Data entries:

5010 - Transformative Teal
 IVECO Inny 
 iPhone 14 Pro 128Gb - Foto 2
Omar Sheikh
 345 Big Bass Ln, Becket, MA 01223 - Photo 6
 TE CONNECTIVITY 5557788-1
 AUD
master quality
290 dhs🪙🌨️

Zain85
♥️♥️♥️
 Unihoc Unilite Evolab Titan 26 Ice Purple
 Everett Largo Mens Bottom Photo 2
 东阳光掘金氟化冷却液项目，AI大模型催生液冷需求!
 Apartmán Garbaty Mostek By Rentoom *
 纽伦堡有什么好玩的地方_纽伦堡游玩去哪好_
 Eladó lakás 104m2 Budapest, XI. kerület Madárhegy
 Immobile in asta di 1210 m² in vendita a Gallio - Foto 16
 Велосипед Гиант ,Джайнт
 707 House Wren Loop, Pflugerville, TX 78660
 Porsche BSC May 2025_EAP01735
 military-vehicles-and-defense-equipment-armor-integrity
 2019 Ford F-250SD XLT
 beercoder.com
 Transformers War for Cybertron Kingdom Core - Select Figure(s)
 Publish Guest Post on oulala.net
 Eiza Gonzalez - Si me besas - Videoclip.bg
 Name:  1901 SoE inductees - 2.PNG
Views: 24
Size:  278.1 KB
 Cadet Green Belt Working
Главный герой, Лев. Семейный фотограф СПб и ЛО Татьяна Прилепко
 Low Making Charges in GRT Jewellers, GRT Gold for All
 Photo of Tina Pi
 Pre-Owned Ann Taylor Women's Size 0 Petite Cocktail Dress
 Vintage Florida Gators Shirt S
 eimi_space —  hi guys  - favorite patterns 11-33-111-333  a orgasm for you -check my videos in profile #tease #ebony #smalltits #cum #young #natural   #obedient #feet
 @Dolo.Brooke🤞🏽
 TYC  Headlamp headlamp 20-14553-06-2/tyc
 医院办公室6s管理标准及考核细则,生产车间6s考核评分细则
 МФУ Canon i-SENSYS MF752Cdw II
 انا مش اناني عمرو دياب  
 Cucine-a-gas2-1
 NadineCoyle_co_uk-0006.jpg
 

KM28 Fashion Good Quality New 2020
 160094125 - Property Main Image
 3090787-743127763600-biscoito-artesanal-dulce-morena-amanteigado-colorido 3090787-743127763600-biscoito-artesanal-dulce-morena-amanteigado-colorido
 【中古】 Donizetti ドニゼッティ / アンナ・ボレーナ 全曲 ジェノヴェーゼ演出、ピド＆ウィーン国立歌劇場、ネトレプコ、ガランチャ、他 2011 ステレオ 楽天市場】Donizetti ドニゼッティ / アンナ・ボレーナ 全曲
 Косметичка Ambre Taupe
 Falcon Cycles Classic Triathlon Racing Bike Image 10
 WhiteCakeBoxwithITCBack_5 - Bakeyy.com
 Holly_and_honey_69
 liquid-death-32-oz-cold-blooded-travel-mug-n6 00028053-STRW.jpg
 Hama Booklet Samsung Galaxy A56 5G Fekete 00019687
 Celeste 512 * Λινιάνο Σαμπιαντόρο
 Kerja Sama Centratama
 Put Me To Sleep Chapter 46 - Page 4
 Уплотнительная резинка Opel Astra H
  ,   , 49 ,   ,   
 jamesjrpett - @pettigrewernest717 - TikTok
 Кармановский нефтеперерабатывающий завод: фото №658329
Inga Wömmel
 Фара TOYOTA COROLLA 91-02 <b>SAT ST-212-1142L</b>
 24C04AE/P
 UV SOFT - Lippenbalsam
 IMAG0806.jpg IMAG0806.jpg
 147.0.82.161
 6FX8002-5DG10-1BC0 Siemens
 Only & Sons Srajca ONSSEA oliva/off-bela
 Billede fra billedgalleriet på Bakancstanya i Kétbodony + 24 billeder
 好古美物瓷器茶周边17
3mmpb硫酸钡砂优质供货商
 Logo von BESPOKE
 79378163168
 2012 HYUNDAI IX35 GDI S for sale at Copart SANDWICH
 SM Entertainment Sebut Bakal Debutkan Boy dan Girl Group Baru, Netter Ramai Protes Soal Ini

→ **Prompt**: Output, from the data above, the lines from the line with "160094125 - Property Main Image" to the line with "楽天市場】Donizetti ドニゼッティ / アンナ・ボレーナ 全曲" exactly as they stand, both ends included and nothing else.

→ **Answer for this exercise**:
 160094125 - Property Main Image
 3090787-743127763600-biscoito-artesanal-dulce-morena-amanteigado-colorido 3090787-743127763600-biscoito-artesanal-dulce-morena-amanteigado-colorido
 【中古】 Donizetti ドニゼッティ / アンナ・ボレーナ 全曲 ジェノヴェーゼ演出、ピド＆ウィーン国立歌劇場、ネトレプコ、ガランチャ、他 2011 ステレオ 楽天市場】Donizetti ドニゼッティ / アンナ・ボレーナ 全曲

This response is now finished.